Work instruction
Could you return all of the entries below exactly, minus the pictures?

※

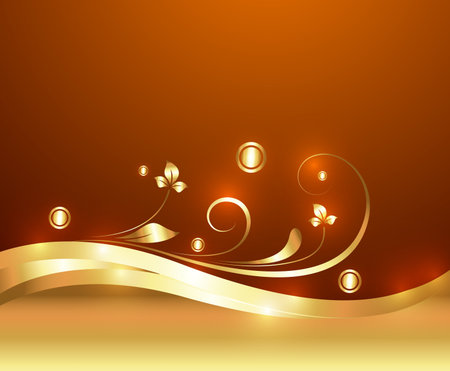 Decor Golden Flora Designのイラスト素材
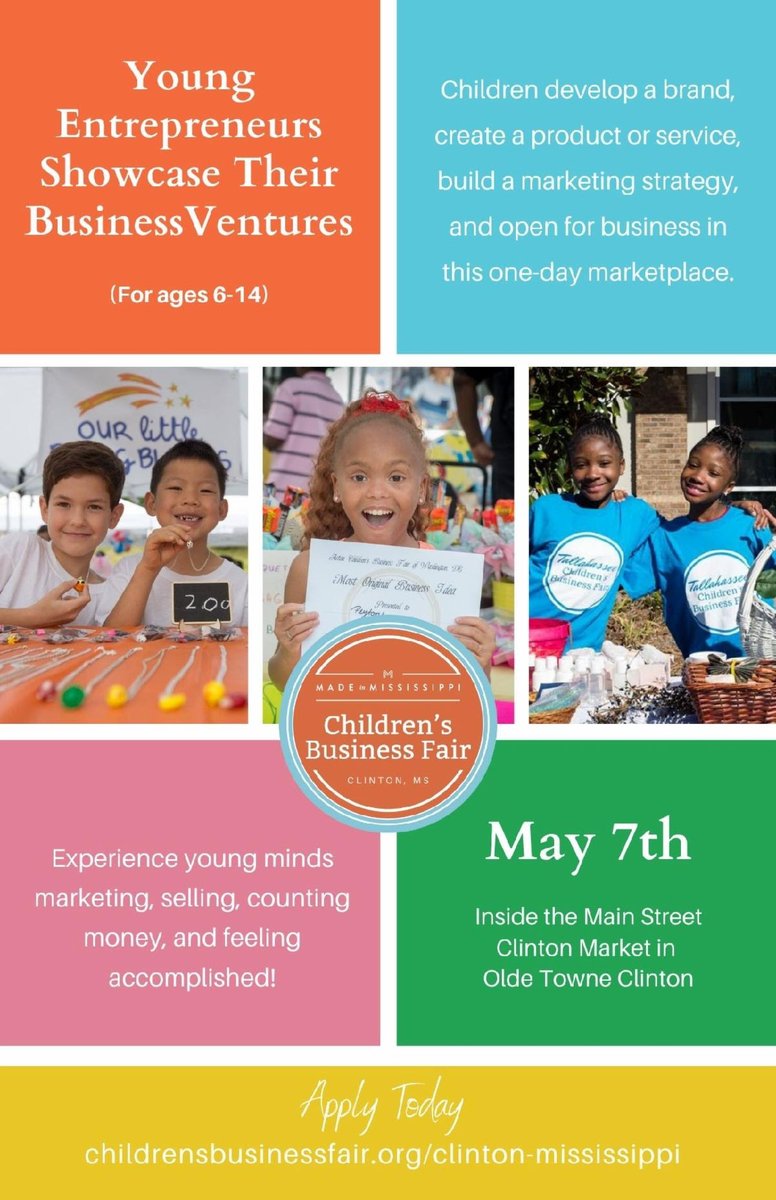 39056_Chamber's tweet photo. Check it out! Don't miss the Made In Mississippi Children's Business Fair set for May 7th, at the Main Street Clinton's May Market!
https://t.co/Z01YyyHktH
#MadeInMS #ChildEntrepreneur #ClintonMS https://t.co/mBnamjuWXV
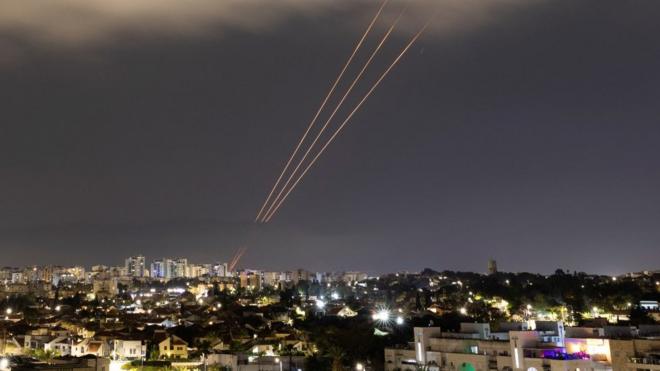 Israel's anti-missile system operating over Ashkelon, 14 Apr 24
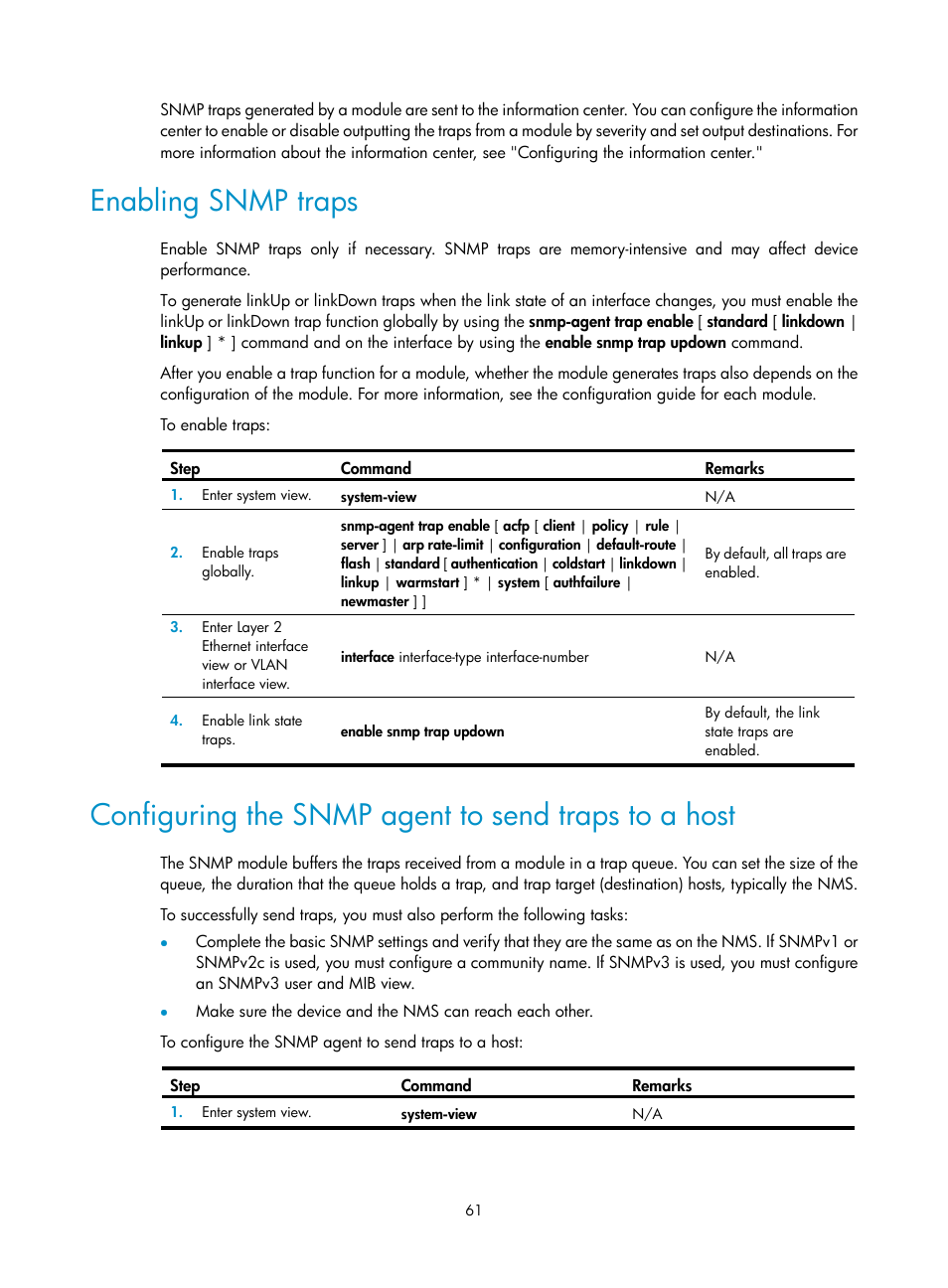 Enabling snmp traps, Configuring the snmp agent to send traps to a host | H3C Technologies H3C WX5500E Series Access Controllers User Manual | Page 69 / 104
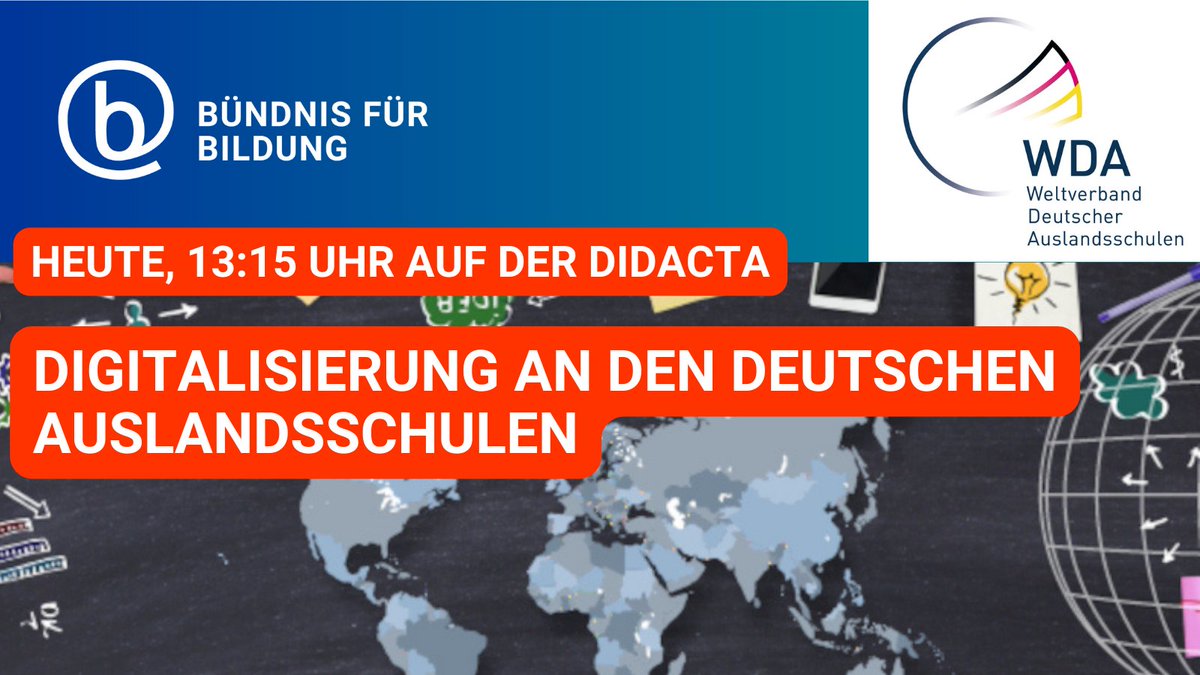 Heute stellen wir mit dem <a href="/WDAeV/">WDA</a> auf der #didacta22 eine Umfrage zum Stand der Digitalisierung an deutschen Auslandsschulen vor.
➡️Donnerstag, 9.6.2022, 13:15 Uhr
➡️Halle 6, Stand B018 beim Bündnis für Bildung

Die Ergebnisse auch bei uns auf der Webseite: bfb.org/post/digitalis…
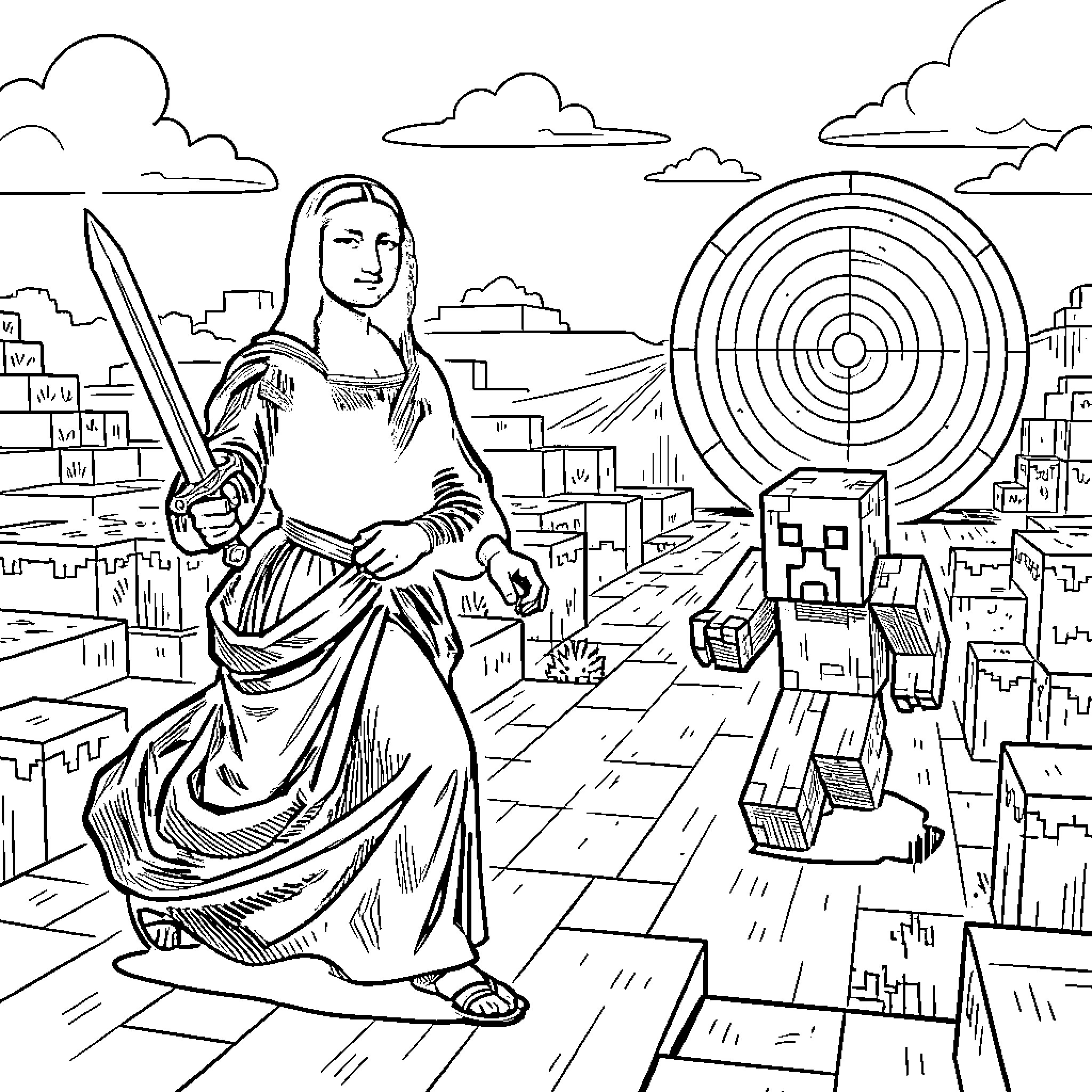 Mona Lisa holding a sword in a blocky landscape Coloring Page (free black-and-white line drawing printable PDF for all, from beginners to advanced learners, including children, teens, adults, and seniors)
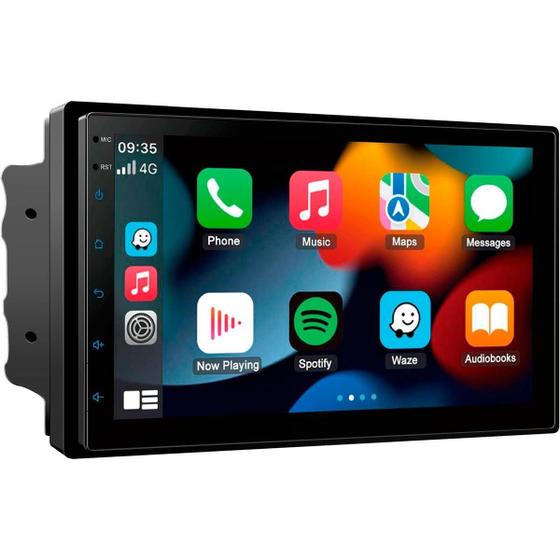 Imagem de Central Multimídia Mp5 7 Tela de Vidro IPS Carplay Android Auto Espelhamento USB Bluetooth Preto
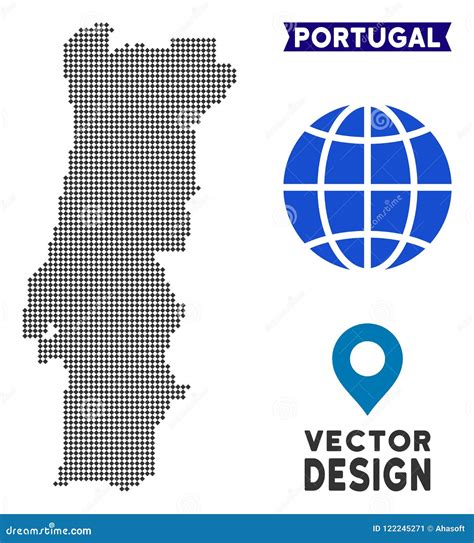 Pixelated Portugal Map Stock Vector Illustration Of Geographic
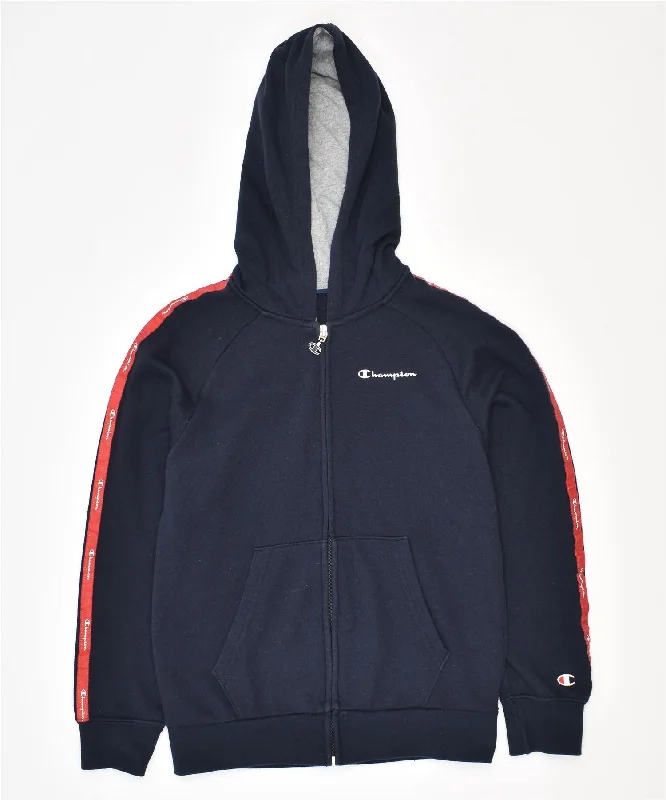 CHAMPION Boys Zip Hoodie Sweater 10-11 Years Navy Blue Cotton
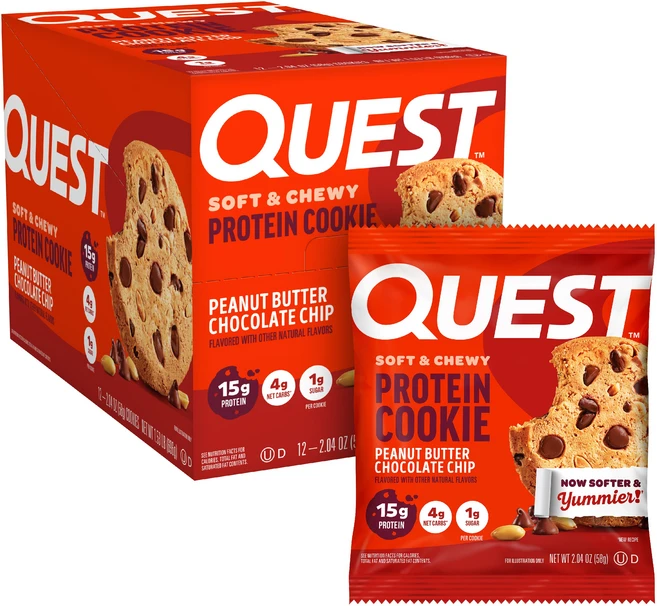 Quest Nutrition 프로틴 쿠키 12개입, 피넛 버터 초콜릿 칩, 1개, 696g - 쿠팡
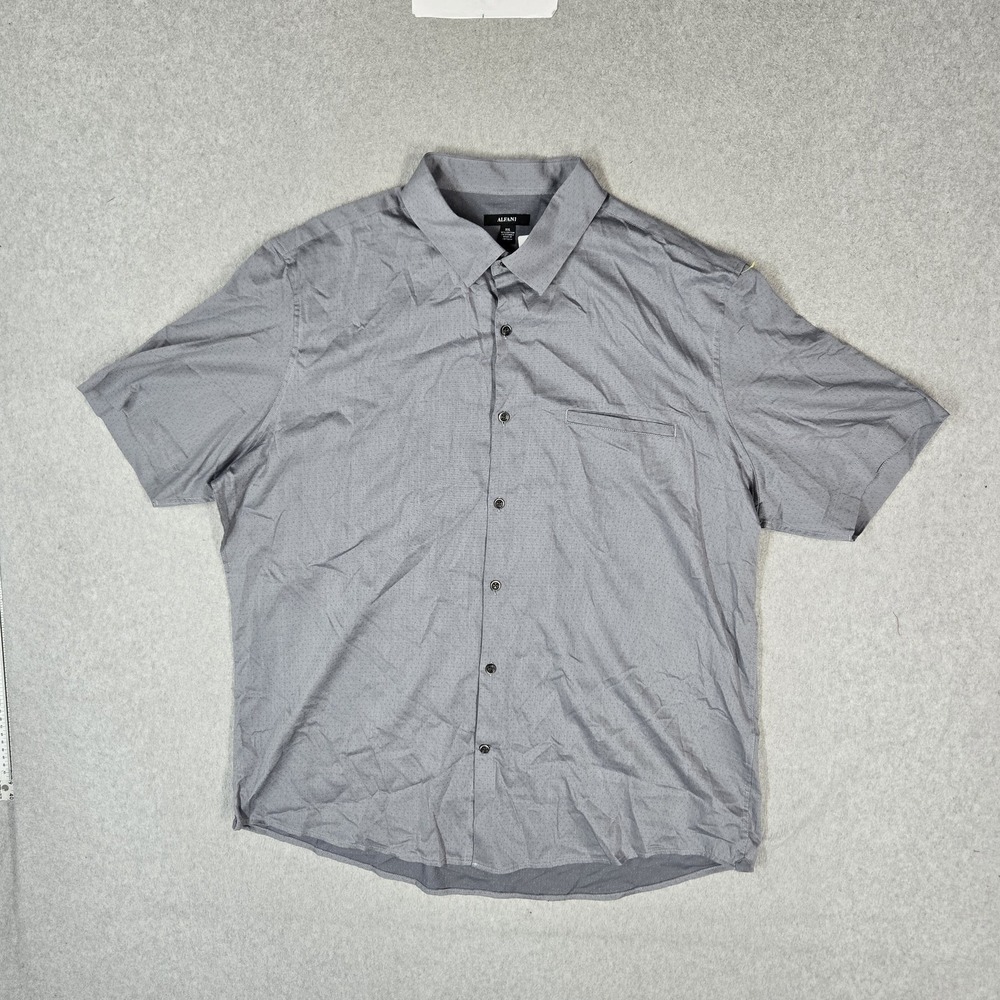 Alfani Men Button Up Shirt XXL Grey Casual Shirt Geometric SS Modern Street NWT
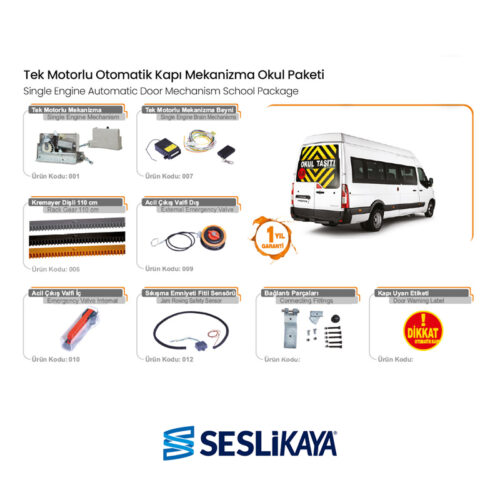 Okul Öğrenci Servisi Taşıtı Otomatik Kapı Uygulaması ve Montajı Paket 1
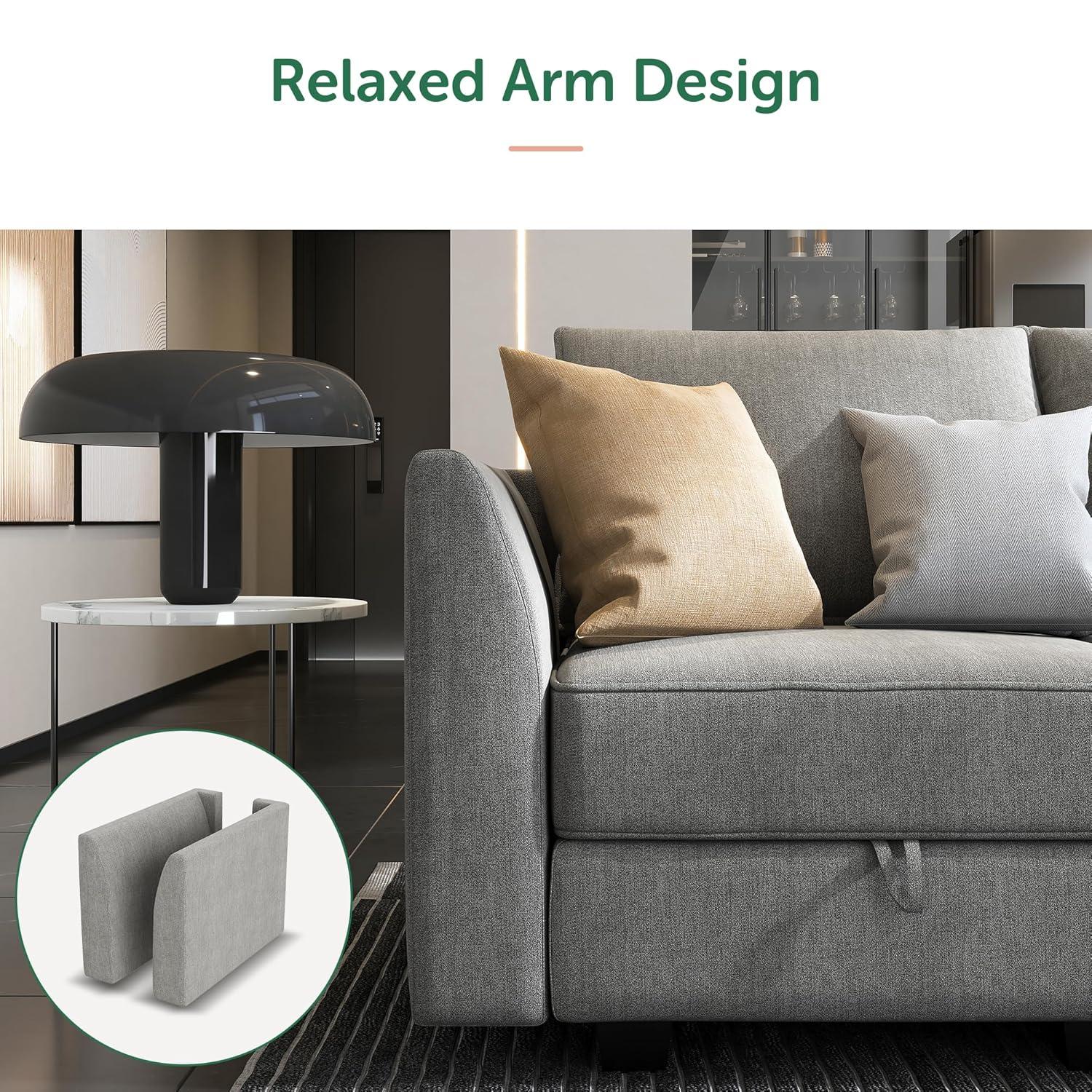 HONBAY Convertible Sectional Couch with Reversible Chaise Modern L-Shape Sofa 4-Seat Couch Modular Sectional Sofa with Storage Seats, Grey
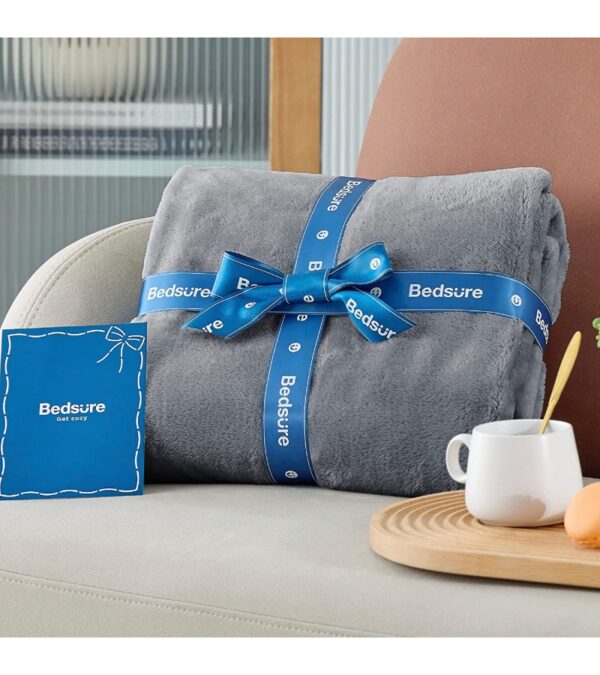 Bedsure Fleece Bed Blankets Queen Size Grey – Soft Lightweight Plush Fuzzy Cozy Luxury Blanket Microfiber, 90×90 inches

※

Result of the exercise
 Decor Golden Flora Designのイラスト素材
 39056_Chamber's tweet photo. Check it out! Don't miss the Made In Mississippi Children's Business Fair set for May 7th, at the Main Street Clinton's May Market!
https://t.co/Z01YyyHktH
#MadeInMS #ChildEntrepreneur #ClintonMS https://t.co/mBnamjuWXV
 Israel's anti-missile system operating over Ashkelon, 14 Apr 24
 Enabling snmp traps, Configuring the snmp agent to send traps to a host | H3C Technologies H3C WX5500E Series Access Controllers User Manual | Page 69 / 104
 Heute stellen wir mit dem <a href="/WDAeV/">WDA</a> auf der #didacta22 eine Umfrage zum Stand der Digitalisierung an deutschen Auslandsschulen vor.
➡️Donnerstag, 9.6.2022, 13:15 Uhr
➡️Halle 6, Stand B018 beim Bündnis für Bildung

Die Ergebnisse auch bei uns auf der Webseite: bfb.org/post/digitalis…
 Mona Lisa holding a sword in a blocky landscape Coloring Page (free black-and-white line drawing printable PDF for all, from beginners to advanced learners, including children, teens, adults, and seniors)
 Imagem de Central Multimídia Mp5 7 Tela de Vidro IPS Carplay Android Auto Espelhamento USB Bluetooth Preto
 Pixelated Portugal Map Stock Vector Illustration Of Geographic
 CHAMPION Boys Zip Hoodie Sweater 10-11 Years Navy Blue Cotton
 Quest Nutrition 프로틴 쿠키 12개입, 피넛 버터 초콜릿 칩, 1개, 696g - 쿠팡
 Alfani Men Button Up Shirt XXL Grey Casual Shirt Geometric SS Modern Street NWT
 Okul Öğrenci Servisi Taşıtı Otomatik Kapı Uygulaması ve Montajı Paket 1
 HONBAY Convertible Sectional Couch with Reversible Chaise Modern L-Shape Sofa 4-Seat Couch Modular Sectional Sofa with Storage Seats, Grey
 Bedsure Fleece Bed Blankets Queen Size Grey – Soft Lightweight Plush Fuzzy Cozy Luxury Blanket Microfiber, 90×90 inches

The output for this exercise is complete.